I respectfully disagree.

Bell published a piece in The Conversation looking at free college proposals. It’s a good piece on a crucial topic, summarizing a larger study. She notes that public support for free college goes up when there’s a GPA requirement but goes down when there’s an income cap. She explains those shifts by claiming that when people evaluate programs with those criteria, they’re actually evaluating the target populations. Biases rooted in race and class get expressed through respect for “neutral” criteria and disrespect for “handouts.” She goes on to claim that programs without income caps are inefficient, because they funnel money to students (or students’ families) who didn’t need it.

Yes and no.

The income cap Bell used for her study -- $50,000 -- is markedly low for something like free college. In the first year of the Community College Opportunity Grant in New Jersey, the income threshold was set at $45,000, and most of the grant went unspent; the space between where Pell ran out and the income cap was so small that very few people fit in it. If tuition at a public four-year college is, say, $15,000 per year, a family making $60,000 should hardly be considered too rich to help. If that were my situation, I wouldn’t look kindly on a program with a cap of $50,000 either. (In an effort to bring in more people, the state raised the AGI to $65,000. For a state with a cost of living as high as this one, even that is pretty low.)

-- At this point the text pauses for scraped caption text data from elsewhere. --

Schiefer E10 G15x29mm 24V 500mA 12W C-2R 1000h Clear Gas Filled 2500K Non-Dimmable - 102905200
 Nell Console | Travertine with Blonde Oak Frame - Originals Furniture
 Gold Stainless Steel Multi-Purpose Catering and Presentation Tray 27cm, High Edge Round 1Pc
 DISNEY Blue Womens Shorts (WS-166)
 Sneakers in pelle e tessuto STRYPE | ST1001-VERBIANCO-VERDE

As a parent who has guffawed at what the FAFSA and CSS Profile think is a reasonable amount to pay, I can attest that skepticism about means-tested benefits may be based in bitter experience about means testing getting it wrong. I’ve learned through direct experience, and through experience with students, that what institutions think is reasonable is often manifestly ridiculous in real life. I’m not alone in this.

Anything means tested brings with it significant verification and documentation requirements. (Anyone who has filled out a FAFSA knows this in their bones.) By contrast, something universally free is simple, clear and quick. You know right away, and you don’t have to go to battle with financial aid offices or old tax returns.

The point about “efficiency” reflects a category mistake. If history were entirely static, Bell would have a point. But it isn’t. She applies a synchronic analysis to a diachronic issue. Over time, programs for the poor become poor programs. This is where her point about evaluating the target populations leads. As a taxpayer, I don’t mind that wealthy homeowners get fire protection like everyone else. That’s part of what makes fire departments politically sustainable. A program that doesn’t last doesn’t do any population any good. If he wants to, Bill Gates can borrow a book from a public library. That’s a much less “inefficient” use of resources than, say, screening every library patron to see if they make too much money.

As someone who went to high school in New York State, I’m well aware of the damage that concerns about “efficiency” can do to the funding levels of various programs. When New York started regents’ scholarships, they were $250 per year, which was nearly enough to cover a year’s tuition at a SUNY school. When I got one in the 1980s, it was still $250 per year; at that point, it just elicited bitter laughter. That’s what happens to programs without strong constituencies. Opening up a benefit to a broader constituency can protect that benefit politically.

Finally, of course, there’s the well-documented American veneration of “work.” A GPA requirement, in American culture, turns a benefit from “given” to “earned.” We’re much more willing to respect anything earned. Bell could correctly counter that narratives of given intersect with race and class in dispiriting ways; no argument there. But to leave out the narrative of earning is to leave out a lot.

I’ve written before of my fascination with completion scholarships, by which students who build up a certain number of credits get the rest of the degree free. That strikes me as both more egalitarian than most “merit” scholarships, and more politically sustainable than most “free” programs. It comports with fundamental beliefs of the larger culture. As Marion Tech CC has shown, it can lead to improved results. With a completion scholarship, “skin in the game” takes the form of achieved credits, rather than loans. I’m a fan.

To the extent that the choice boils down to maximum efficiency in a given moment or sustainability over time, I’ll take the latter. A program that folds, or that becomes a hollowed-out shell of its former self, doesn’t do anyone much good. Let Bill Gates borrow a book if it means that we get to keep the library. That’s an efficient use of resources.